▶

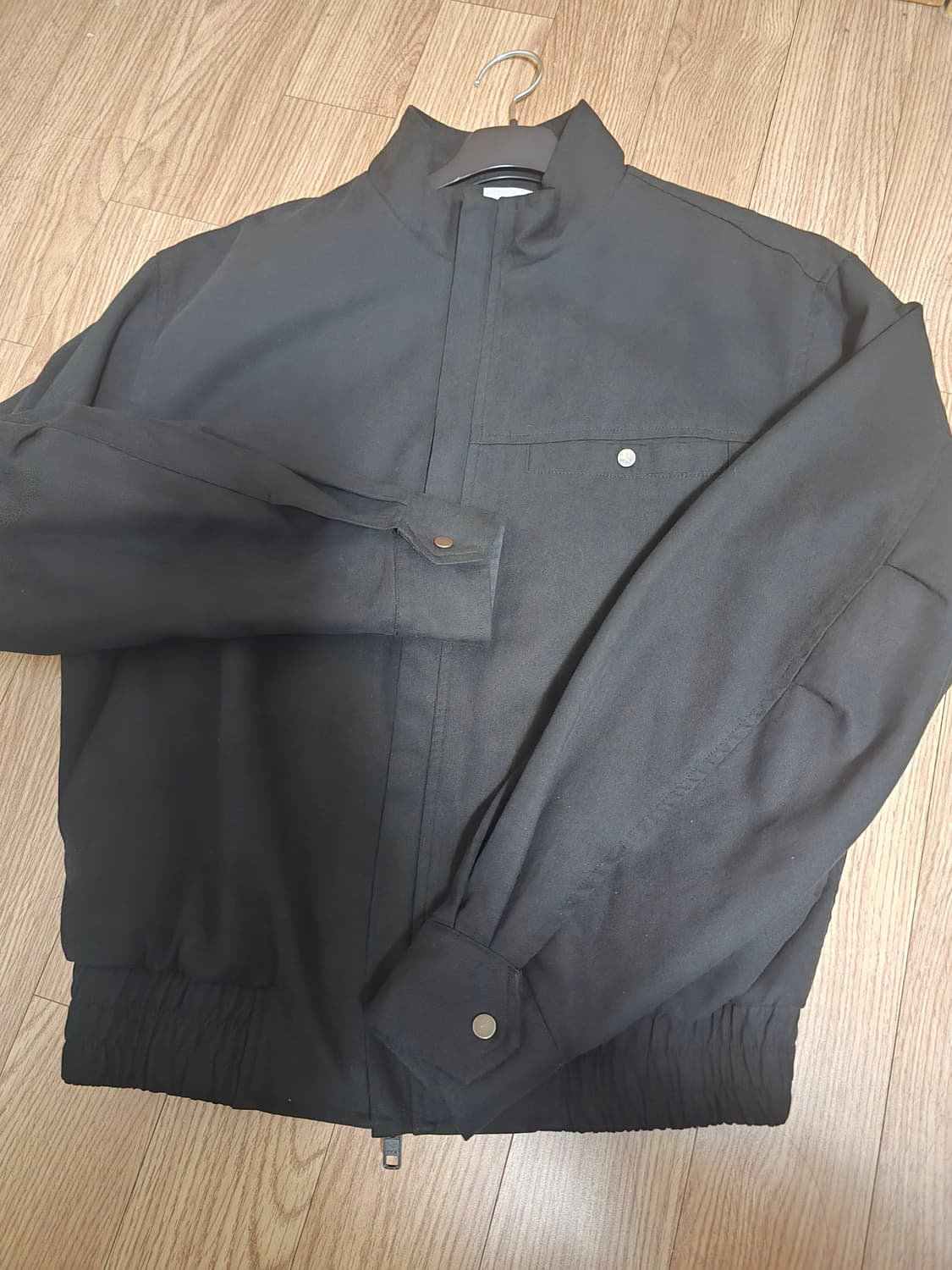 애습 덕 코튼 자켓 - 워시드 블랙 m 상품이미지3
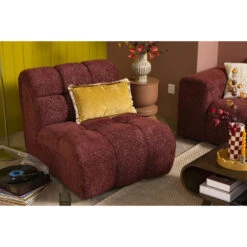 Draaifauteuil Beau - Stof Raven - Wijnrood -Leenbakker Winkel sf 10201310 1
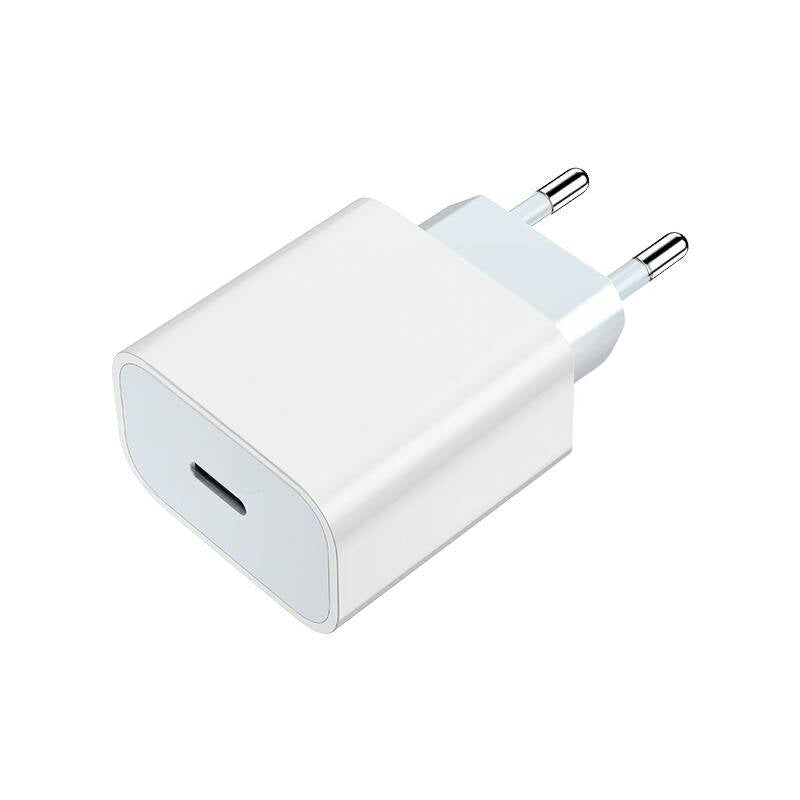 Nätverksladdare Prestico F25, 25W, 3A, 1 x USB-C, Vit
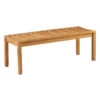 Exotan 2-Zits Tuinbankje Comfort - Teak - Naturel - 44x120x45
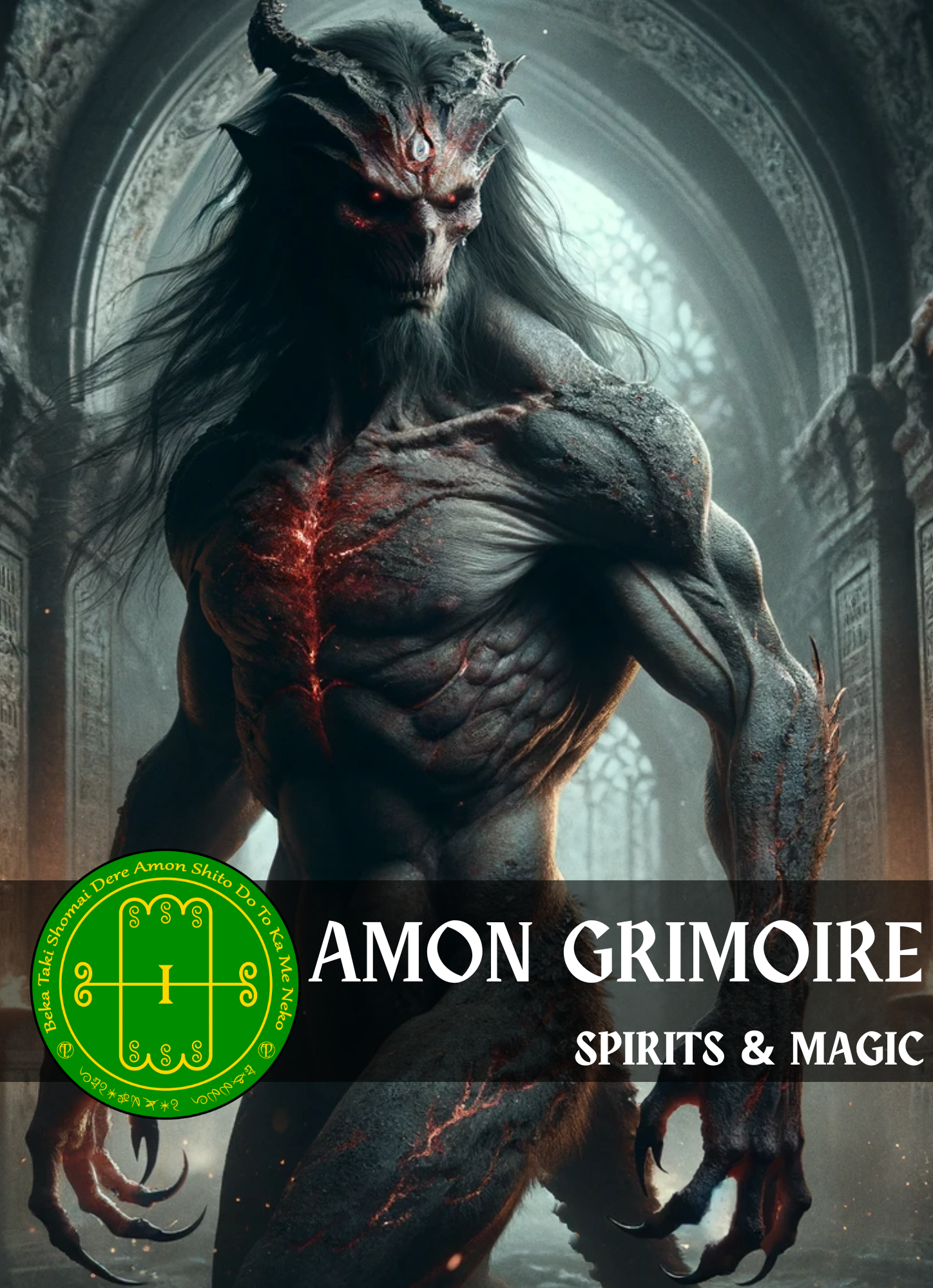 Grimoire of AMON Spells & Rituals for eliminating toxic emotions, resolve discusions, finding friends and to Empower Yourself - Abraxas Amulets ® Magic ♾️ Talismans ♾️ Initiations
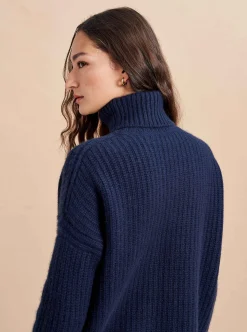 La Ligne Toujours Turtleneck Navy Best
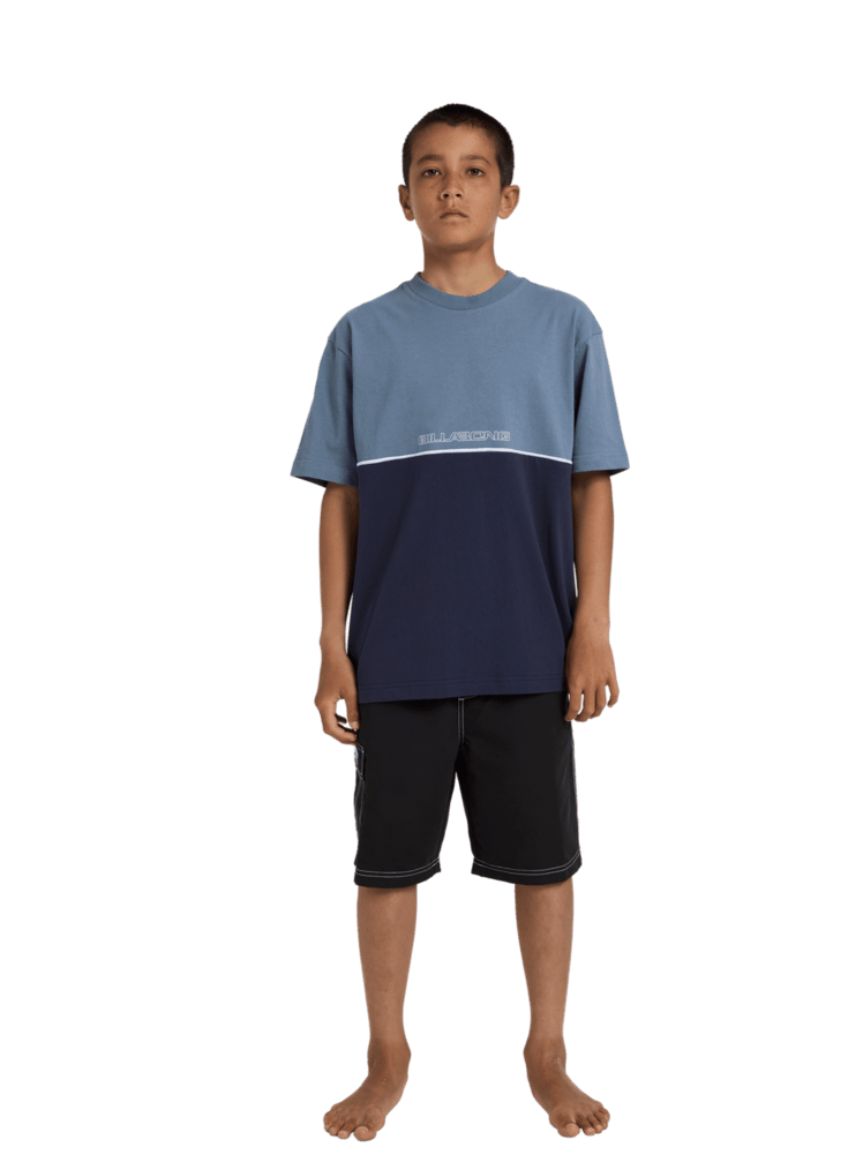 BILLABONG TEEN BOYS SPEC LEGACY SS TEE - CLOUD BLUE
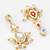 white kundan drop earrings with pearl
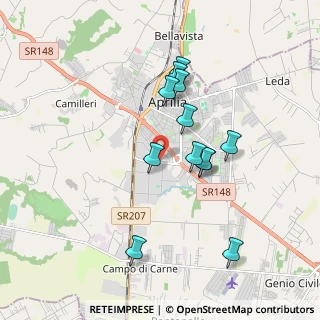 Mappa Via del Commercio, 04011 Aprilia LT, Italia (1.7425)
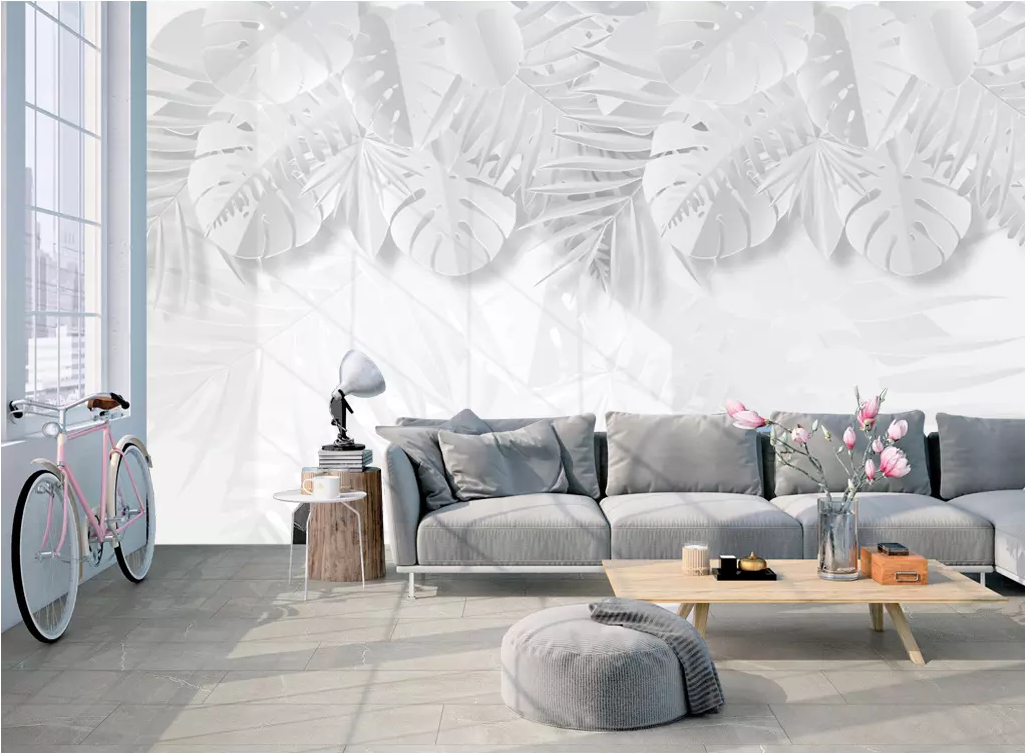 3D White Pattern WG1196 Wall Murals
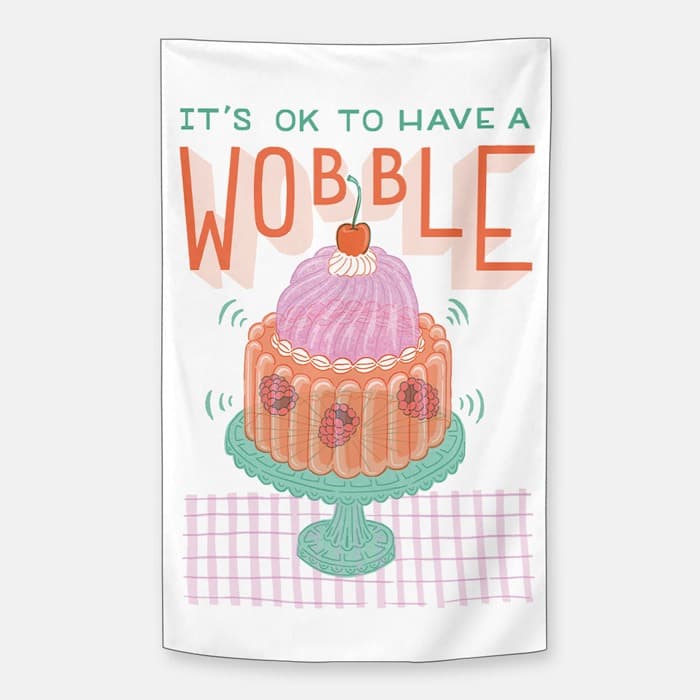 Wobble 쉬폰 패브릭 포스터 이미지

◀

(WORK INSTRUCTION) Your task is to transcribe, exactly and without additions, every line from the one that contains "Exotan 2-Zits Tuinbankje" to the end of the entries above, both included. Omit all pictures.

(SOLUTION TO THE PROBLEM)
 Exotan 2-Zits Tuinbankje Comfort - Teak - Naturel - 44x120x45
 Grimoire of AMON Spells & Rituals for eliminating toxic emotions, resolve discusions, finding friends and to Empower Yourself - Abraxas Amulets ® Magic ♾️ Talismans ♾️ Initiations
 La Ligne Toujours Turtleneck Navy Best
 BILLABONG TEEN BOYS SPEC LEGACY SS TEE - CLOUD BLUE
 white kundan drop earrings with pearl
 Mappa Via del Commercio, 04011 Aprilia LT, Italia (1.7425)
 3D White Pattern WG1196 Wall Murals
 Wobble 쉬폰 패브릭 포스터 이미지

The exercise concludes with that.